What SSO does
Single Sign-On lets your team members log in with your company's identity provider, such as Okta, Microsoft Entra ID (Azure AD), Google Workspace, or Auth0. You set it up on the SSO page. Only owners and admins can open it. The page title reads Single Sign-On (SSO).
The page has three tabs: Email Domains, OIDC, and SAML 2.0. You can use either OIDC or SAML 2.0, not both at once.
Step 1: Add and verify an email domain
Open the Email Domains tab. SSO starts with proving you own your company's email domain. Domain verification is shared between SAML and OIDC, so you only need to verify once.
- Under Add Email Domain, type your domain (for example,
example.com) and click Add Domain. - The domain shows as Pending Verification. Click How to Verify to open the steps.
- Choose one method: - DNS TXT Record: add a TXT record to your domain's DNS with the value shown. DNS changes can take up to 48 hours. - File Upload: put a text file with the verification code at
https://yourdomain/.well-known/scribblemaps-verify.txt. The file must be reachable over HTTPS. - Click Verify Now. When it works, the page shows "Domain verified successfully!" and the domain reads Verified.
If you cannot verify by DNS or file, email support@scribblemaps.com and the team can verify your domain by hand.
Step 2 (option A): Configure OIDC
Open the OIDC tab.
- Copy the Redirect URI / Callback URL shown under Callback URLs. You give this to your identity provider when you create the app.
- In Quick Setup, you can paste your provider's discovery URL (the
.well-known/openid-configurationURL) and click Import to auto-fill the Authority and provider type. - Fill in the required fields under Provider Settings: - Provider Type - Client ID - Client Secret - Authority / Issuer URL
- Open User Settings to turn on Just-In-Time (JIT) Provisioning, which creates a user account the first time someone logs in with OIDC.
- Open Security Settings to turn on Require Multi-Factor Authentication (MFA) if you want to confirm MFA before login.
- Click Save Settings, then Test Connection. You can also use Test SSO Login to try the full login in a new window.
- Turn on the OIDC SSO enabled switch.
When you create the app in your identity provider, choose Web Application as the type (not SPA or Native), because a Client Secret is required.

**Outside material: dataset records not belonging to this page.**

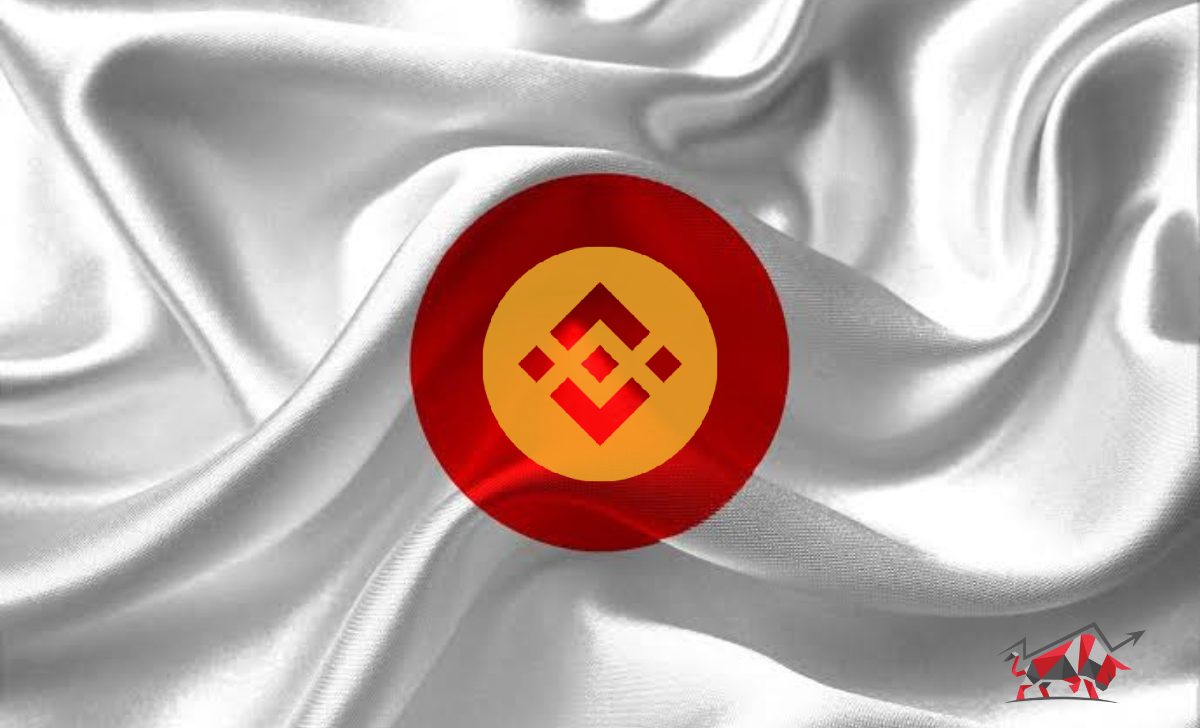 Binance Set to Start Operations in Japan After June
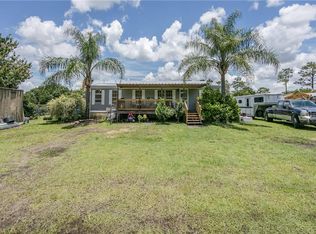 5045 Satellite Ave, Saint Cloud, FL 34773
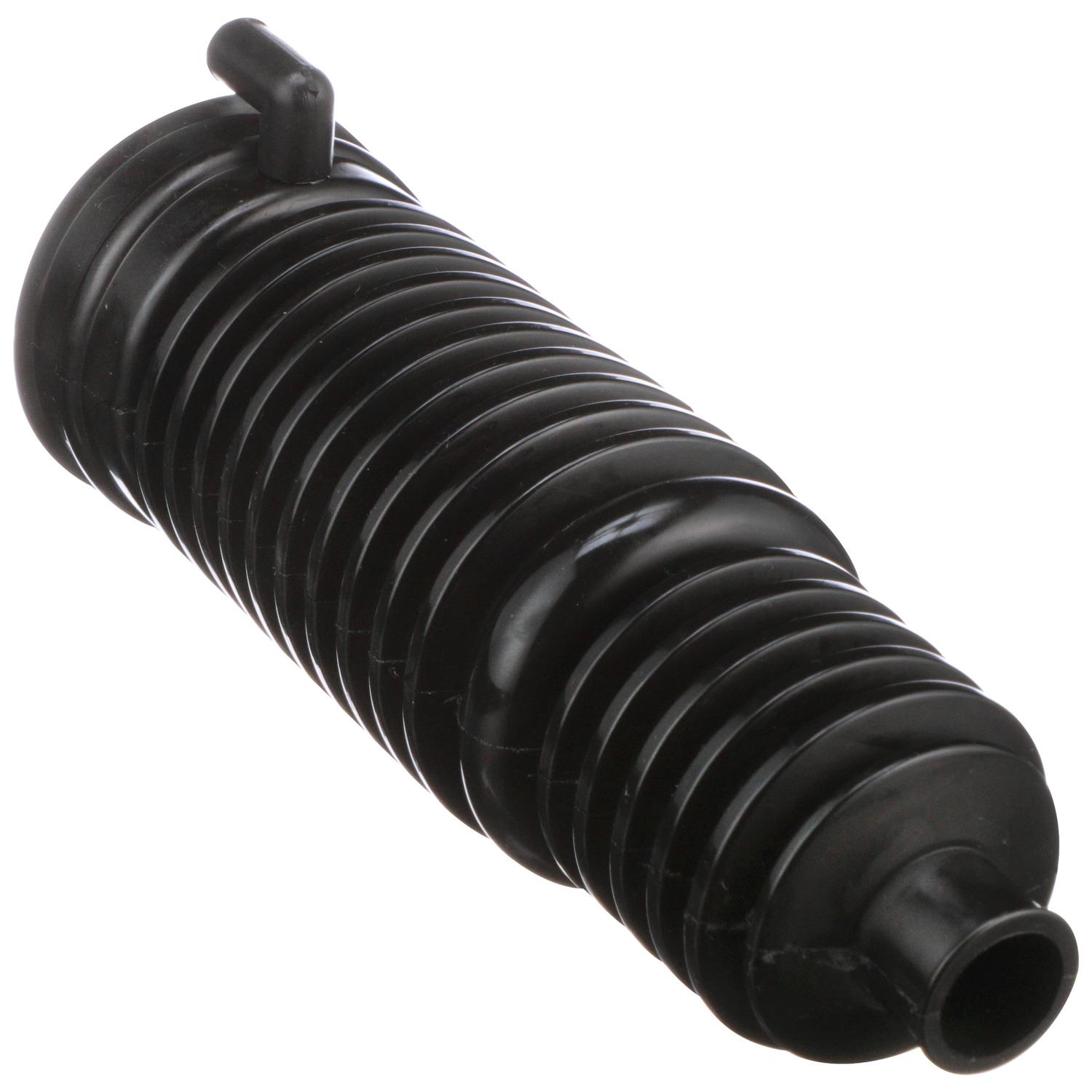 Delphi TBR5036 Rack and Pinion Bellow Kit product image 1 of 4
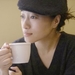 生活照 #01：艾敬 Jing Ai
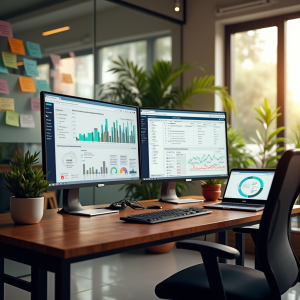 Cómo funciona el inbound marketing en Barranquilla y por qué tu empresa lo necesita en 2026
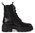 Tamaris 25209 Stiefelette schwarz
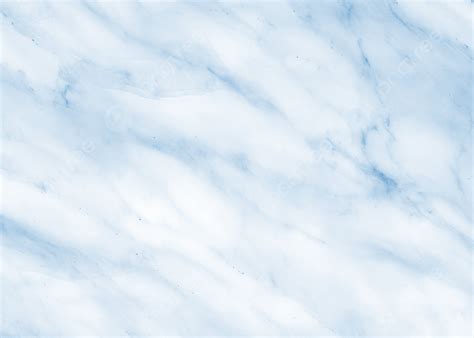 Abstract Marble Style Light Blue Background Marble Abstract Light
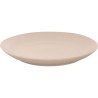 Mammoet Spirit bord 21,5cm offwhite doos a 6 stuks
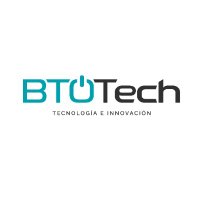 btotech_ (@btotech_) 's Twitter Profile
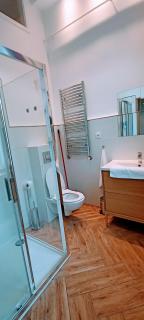 Drzewna Apartamenty - Wrocławska - 1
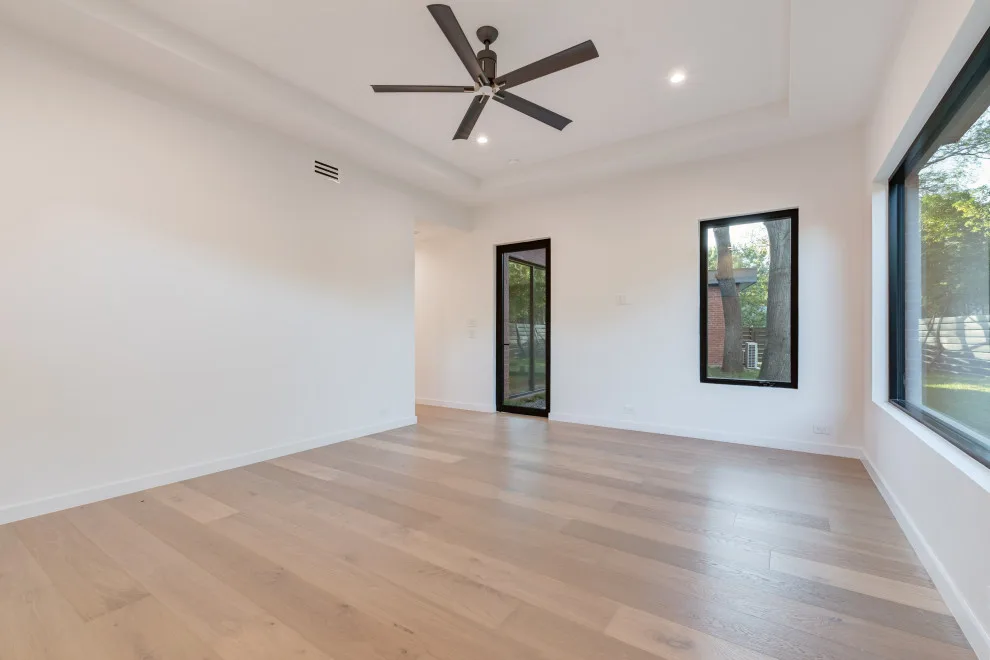 414 Autumn Creek Drive by 3rd Street Custom Homes - Photo 35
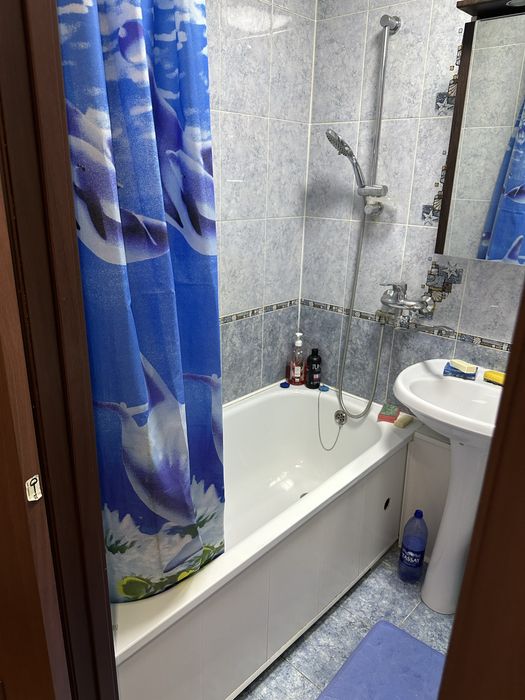 Продам 2- комнатную квартиру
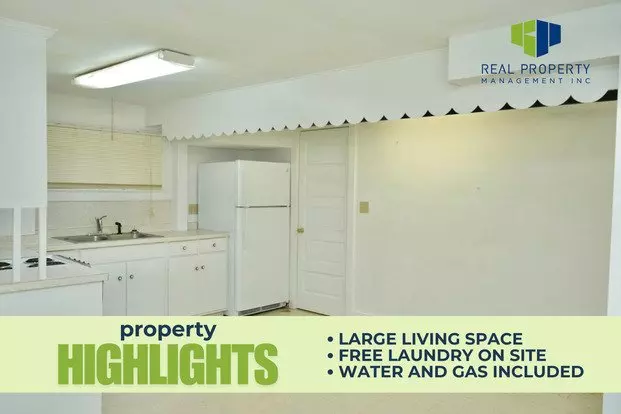 624 Ridge St Apartment for rent in Charlottesville, VA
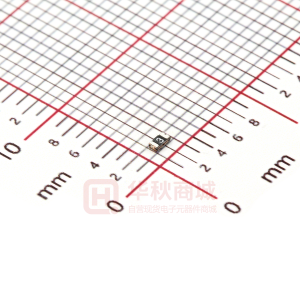 JK-SMD0603-030-6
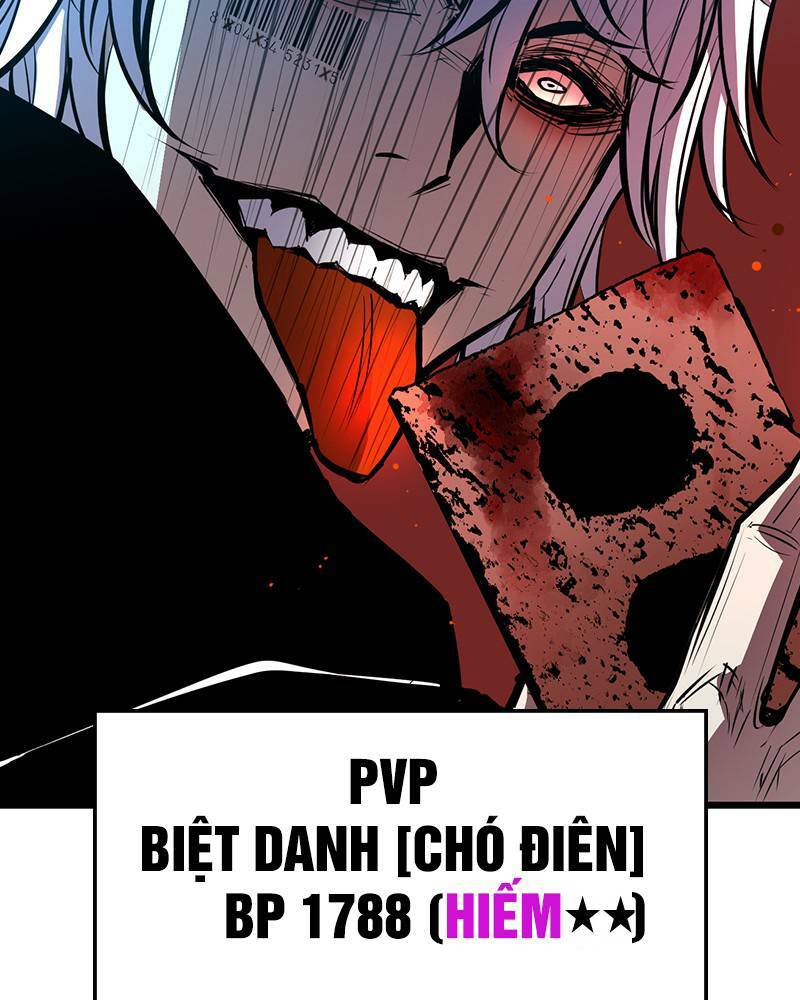 Phòng Gym Hanlim Chapter 34 - Trang 2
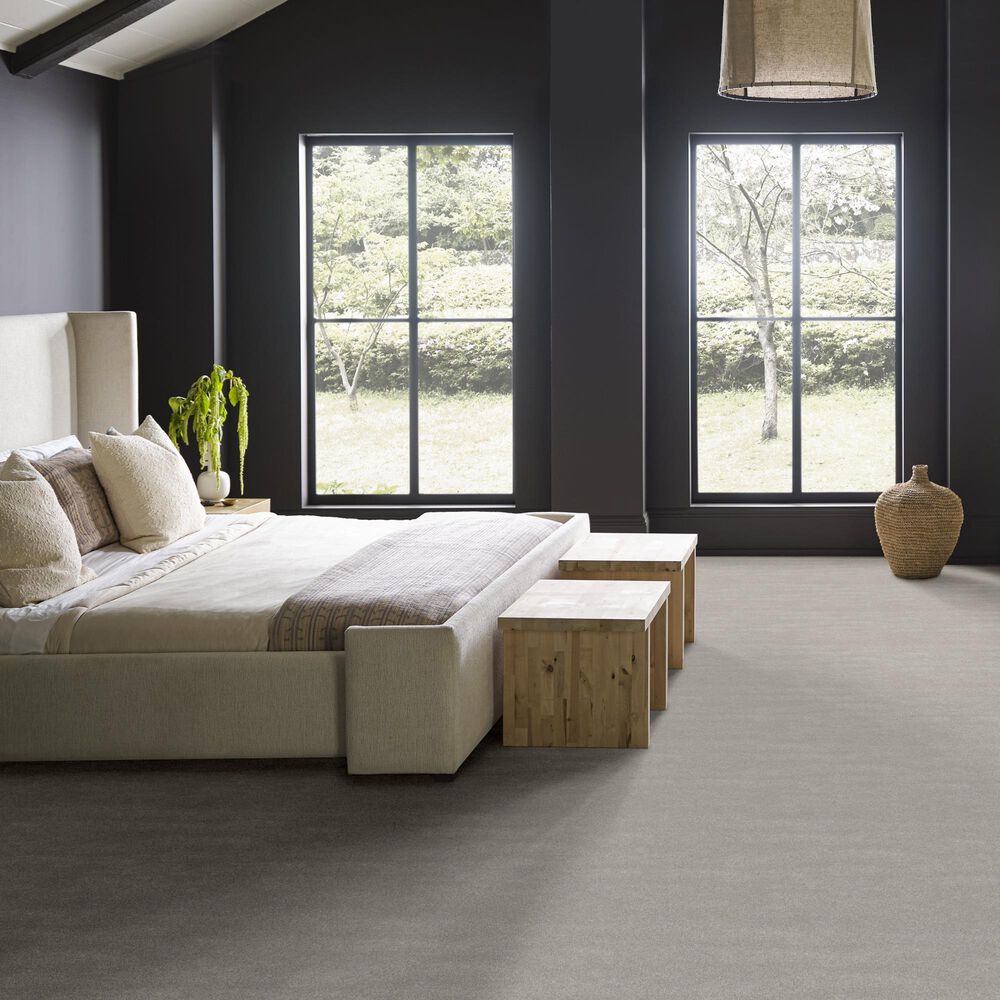 Philadelphia Delicate Feel I Carpet in Four Winds, , large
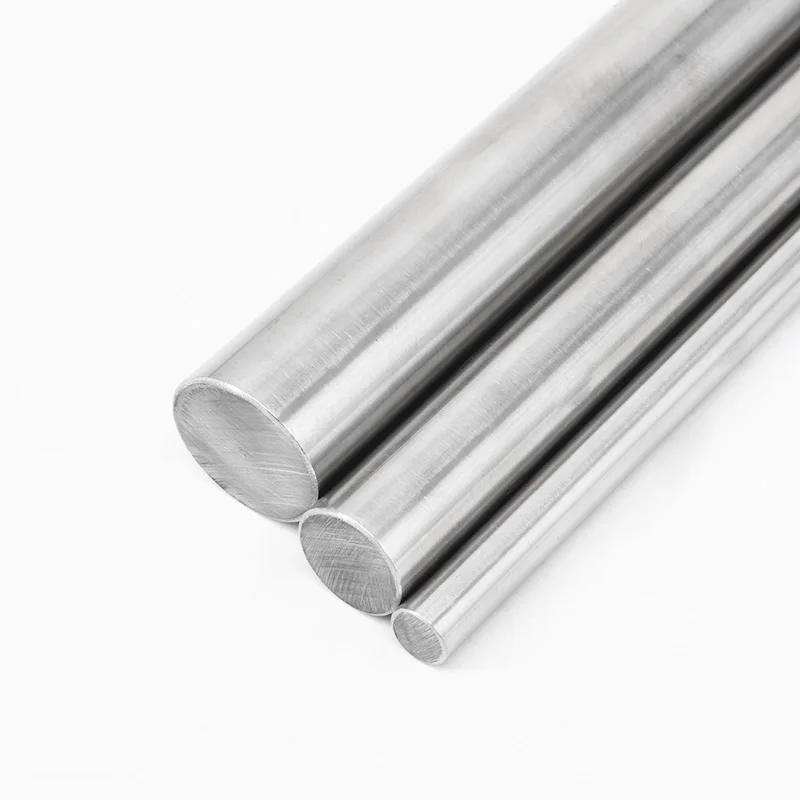 GUIDA PAVIMENTO PORTA Fienile In Acciaio Cromato Scorrevole Liscia E Prestazioni EUR 34,81 - Foto 5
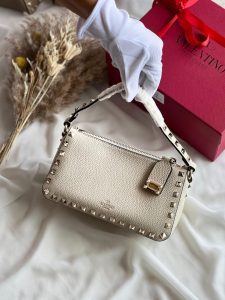 PHOTO-2026-03-28-13-04-57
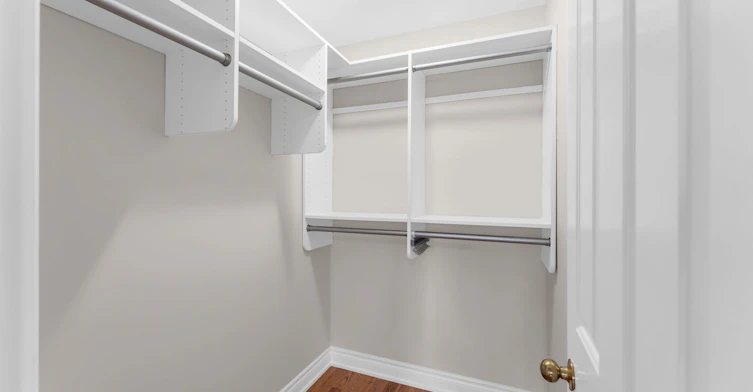 1422 Stoneridge Drive, Kingston, ON, K7M 9H5 - 29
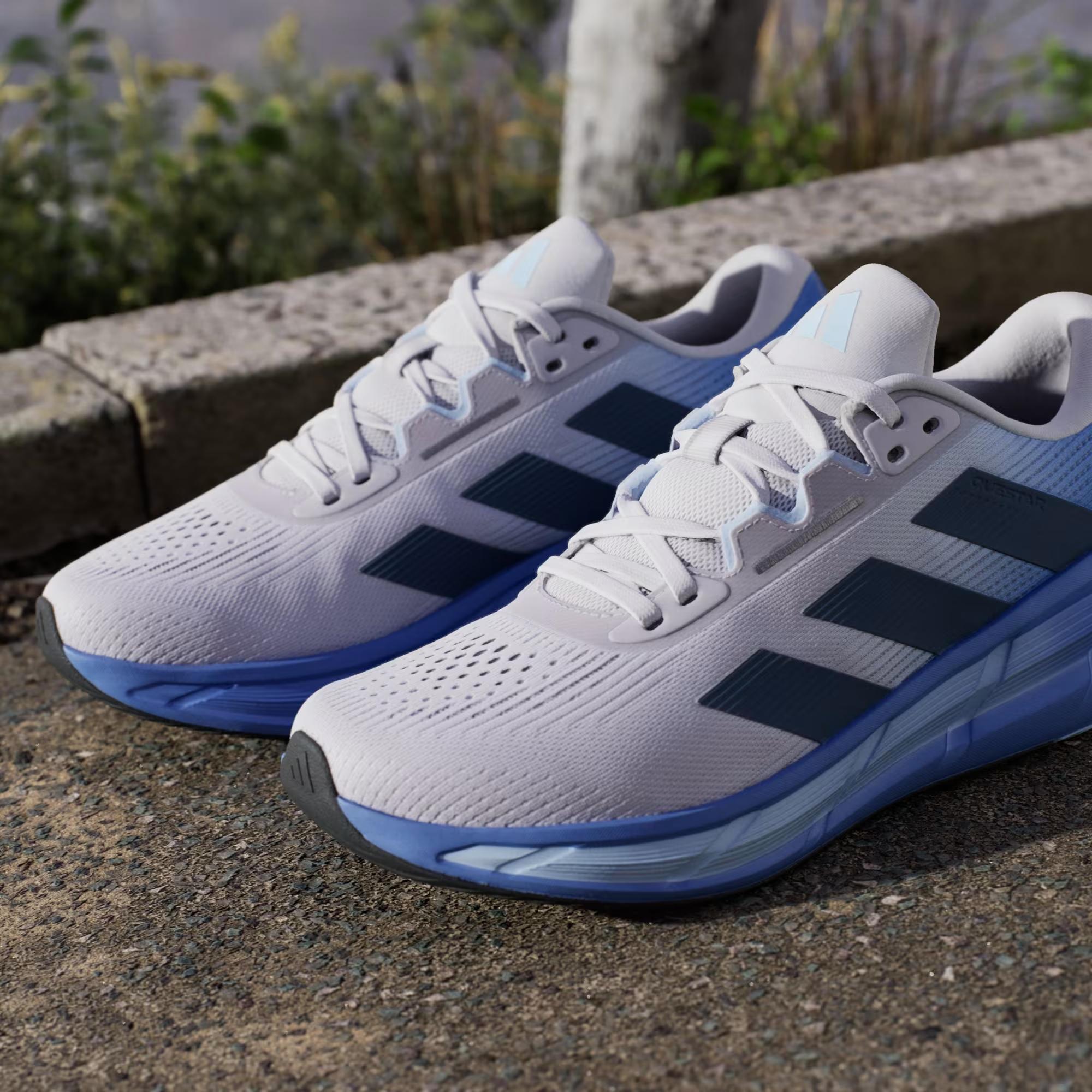 ADIDAS JQ5082 QUESTAR 3 M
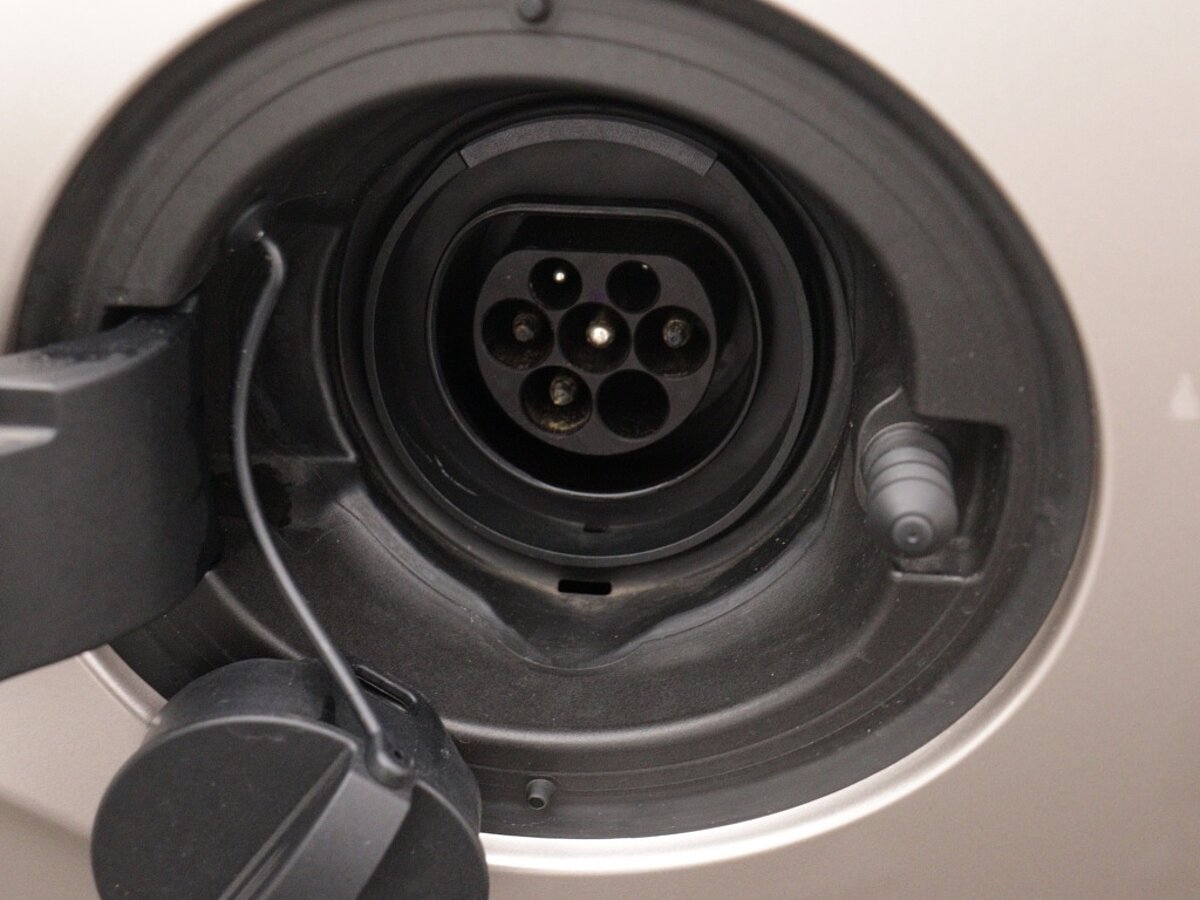 47631694 volvo xc90 2 0 t8 awd ultra dark luchtvering 22 inch lm velgen trekha e4f463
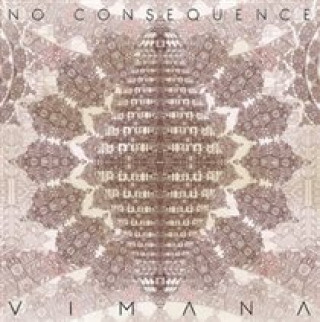 Zvok Vimana No Consequence
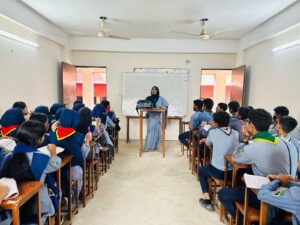 images_001 (96)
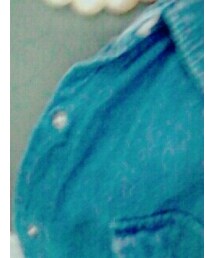 used | ジャケット/アウター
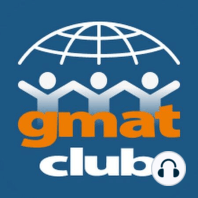 How I Scored GMAT Focus 775(100 percentile) in 6 Weeks with no Course!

Step 2 (option B): Configure SAML 2.0
Open the SAML 2.0 tab.
- Copy the Service Provider (SP) Information to give to your identity provider: the SP Entity ID / Audience URI, the Single Sign-On URL / ACS URL, and the SP Metadata URL.
- In Quick Setup, pick your provider and import its metadata URL to auto-fill the settings.
- Fill in the Identity Provider (IdP) Settings: - IdP Entity ID (Issuer) - IdP Single Sign-On URL - IdP Single Logout URL (optional) - IdP X.509 Certificate in PEM format
- Open Advanced Settings to set the Signature Algorithm (SHA-256 is recommended) and the NameID Format.
- Open User Settings to turn on Just-In-Time (JIT) Provisioning.
- Click Save Settings, then Test Connection. Use Test SSO Login to try the full login.
- Turn on the SAML SSO enabled switch.
Only one protocol at a time
You can only have OIDC or SAML enabled, not both. If you turn one on while the other is already enabled, the page asks if you want to disable the other first. For example, enabling OIDC while SAML is on shows "SAML is currently enabled. Would you like to disable it?" with Disable SAML and Keep Both options.
See your SSO users
Lower on the page, the SSO Provisioned Users card lists people created through SSO. Click Show to open the list and Hide to close it. The table shows each user's Email, Name, Created date, and Last Login. Until anyone signs in this way, it reads "No users have been provisioned via SSO yet."